Aim of the task: I need each line of the entries below that includes the string "Image".

Data supplied:
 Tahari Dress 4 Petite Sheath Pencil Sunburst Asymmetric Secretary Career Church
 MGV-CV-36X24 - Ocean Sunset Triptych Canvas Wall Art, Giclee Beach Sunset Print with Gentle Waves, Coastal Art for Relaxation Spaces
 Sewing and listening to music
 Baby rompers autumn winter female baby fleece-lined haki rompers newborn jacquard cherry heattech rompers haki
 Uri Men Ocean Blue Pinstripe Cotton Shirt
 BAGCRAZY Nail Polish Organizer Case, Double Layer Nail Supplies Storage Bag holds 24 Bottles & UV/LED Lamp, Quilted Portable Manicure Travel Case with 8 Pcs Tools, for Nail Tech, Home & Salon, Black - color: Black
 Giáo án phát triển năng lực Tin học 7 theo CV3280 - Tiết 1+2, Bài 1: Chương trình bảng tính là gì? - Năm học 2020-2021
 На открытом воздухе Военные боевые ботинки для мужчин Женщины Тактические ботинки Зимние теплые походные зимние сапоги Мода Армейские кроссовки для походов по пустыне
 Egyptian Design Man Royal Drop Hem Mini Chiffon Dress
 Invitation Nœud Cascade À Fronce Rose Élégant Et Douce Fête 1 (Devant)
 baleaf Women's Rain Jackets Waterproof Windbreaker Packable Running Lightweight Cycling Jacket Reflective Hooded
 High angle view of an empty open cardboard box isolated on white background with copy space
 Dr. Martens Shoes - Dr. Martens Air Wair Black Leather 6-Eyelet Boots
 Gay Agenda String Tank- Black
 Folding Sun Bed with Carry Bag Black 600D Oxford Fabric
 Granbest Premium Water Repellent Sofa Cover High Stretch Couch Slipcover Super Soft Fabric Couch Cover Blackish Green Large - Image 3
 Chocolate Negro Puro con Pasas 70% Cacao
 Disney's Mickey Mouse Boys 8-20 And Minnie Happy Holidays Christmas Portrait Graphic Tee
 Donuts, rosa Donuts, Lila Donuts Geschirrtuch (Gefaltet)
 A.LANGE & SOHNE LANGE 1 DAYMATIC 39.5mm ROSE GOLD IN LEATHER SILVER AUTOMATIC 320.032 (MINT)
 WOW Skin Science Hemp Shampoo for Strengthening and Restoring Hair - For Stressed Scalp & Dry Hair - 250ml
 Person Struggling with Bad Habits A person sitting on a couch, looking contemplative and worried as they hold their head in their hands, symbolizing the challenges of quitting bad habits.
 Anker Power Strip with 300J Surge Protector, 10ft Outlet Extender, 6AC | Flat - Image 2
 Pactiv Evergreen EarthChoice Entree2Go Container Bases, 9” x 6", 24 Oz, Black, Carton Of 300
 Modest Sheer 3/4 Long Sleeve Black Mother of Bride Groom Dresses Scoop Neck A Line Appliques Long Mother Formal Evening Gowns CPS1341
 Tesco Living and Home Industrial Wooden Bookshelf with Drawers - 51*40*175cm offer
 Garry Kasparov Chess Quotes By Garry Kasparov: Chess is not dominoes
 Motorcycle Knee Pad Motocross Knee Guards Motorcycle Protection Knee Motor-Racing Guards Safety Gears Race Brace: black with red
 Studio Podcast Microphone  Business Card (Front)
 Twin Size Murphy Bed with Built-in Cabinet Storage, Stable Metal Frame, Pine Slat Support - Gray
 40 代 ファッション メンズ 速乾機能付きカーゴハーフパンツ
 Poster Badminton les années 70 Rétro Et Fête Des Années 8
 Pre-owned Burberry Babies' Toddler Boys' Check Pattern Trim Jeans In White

Exercise output:
 Granbest Premium Water Repellent Sofa Cover High Stretch Couch Slipcover Super Soft Fabric Couch Cover Blackish Green Large - Image 3
 Anker Power Strip with 300J Surge Protector, 10ft Outlet Extender, 6AC | Flat - Image 2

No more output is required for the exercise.